Monday, April 18, 2011

A note a day for Holy Week-A Case of the Mondays

I really like Mark 11:11. In scripture it stands as this pregnant pause between the exuberance of Palm Sunday and the seemingly suicidal actions of Monday. Jesus goes to the temple, scopes it out and then leaves. It feels like the hammer being pulled back on a loaded pistol.

Monday morning he gets up hungry and has a fairly unpleasant exchange with a fig tree. This passage tells us, "And his disciples heard it." I'll bet they did. I think I would have spent the rest of the day walking well behind him and trying not to do anything stupid.

Was Jesus having a bad day? I don't necessarily know about "bad" but occasionally it must have been difficult managing the universe AND walking around in skin. Just saying. What I mean is that he didn't just yell at the money changers. No, he knocked over their tables and chairs, and then he didn't let anyone even carry anything through the temple. Wow.

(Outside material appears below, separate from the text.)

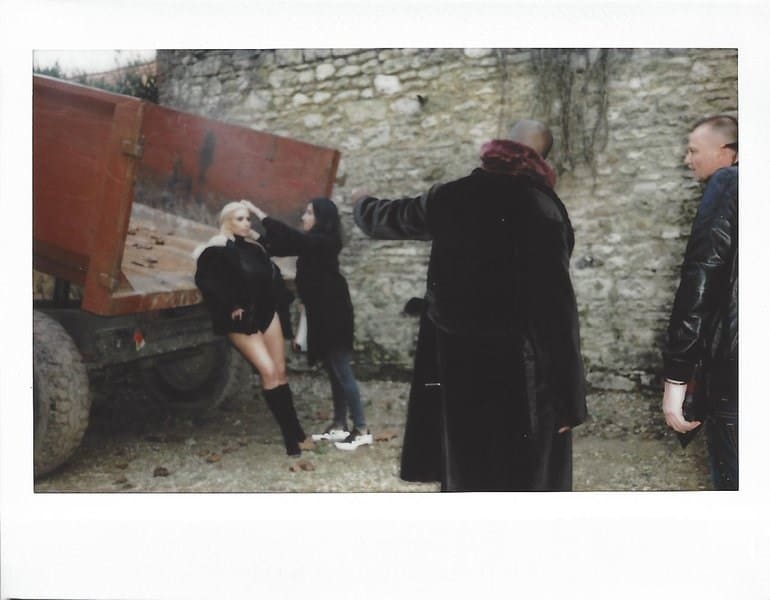 Kim Kardashian Kanye West Juergen Teller Polaroid System 9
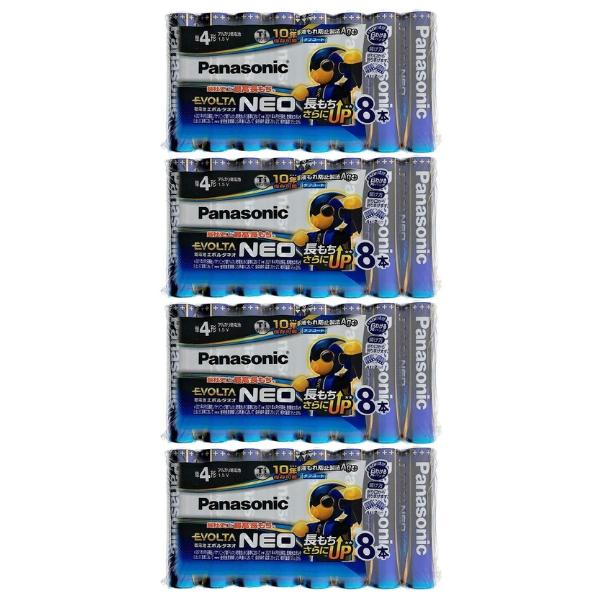 単4形 32本 エボルタNEO パナソニック アルカリ乾電池 LR03NJ/8SW x4点 Panasonic EVOLTA NEO 単4 電池 乾電池（Yahoo!・グッドメディア2号店）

The priests and scribes who feared him were now set on a path to kill him before he mucked up any more of their tidy routine with the Romans... but the people were spellbound. It must have been like watching a building implode. Scary awesome. Then he leaves and you get the impression that Tuesday isn't going to be any better. Buckle up...



Mark 11:11-19 (NRSV)
Then he entered Jerusalem and went into the temple; and when he had looked around at everything, as it was already late, he went out to Bethany with the twelve.
On the following day, when they came from Bethany, he was hungry. Seeing in the distance a fig tree in leaf, he went to see whether perhaps he would find anything on it. When he came to it, he found nothing but leaves, for it was not the season for figs. He said to it, “May no one ever eat fruit from you again.” And his disciples heard it.
Then they came to Jerusalem. And he entered the temple and began to drive out those who were selling and those who were buying in the temple, and he overturned the tables of the money changers and the seats of those who sold doves; and he would not allow anyone to carry anything through the temple. He was teaching and saying, “Is it not written,



‘My house shall be called a house of prayer for all the nations’?

But you have made it a den of robbers.”



And when the chief priests and the scribes heard it, they kept looking for a way to kill him; for they were afraid of him, because the whole crowd was spellbound by his teaching. And when evening came, Jesus and his disciples went out of the city.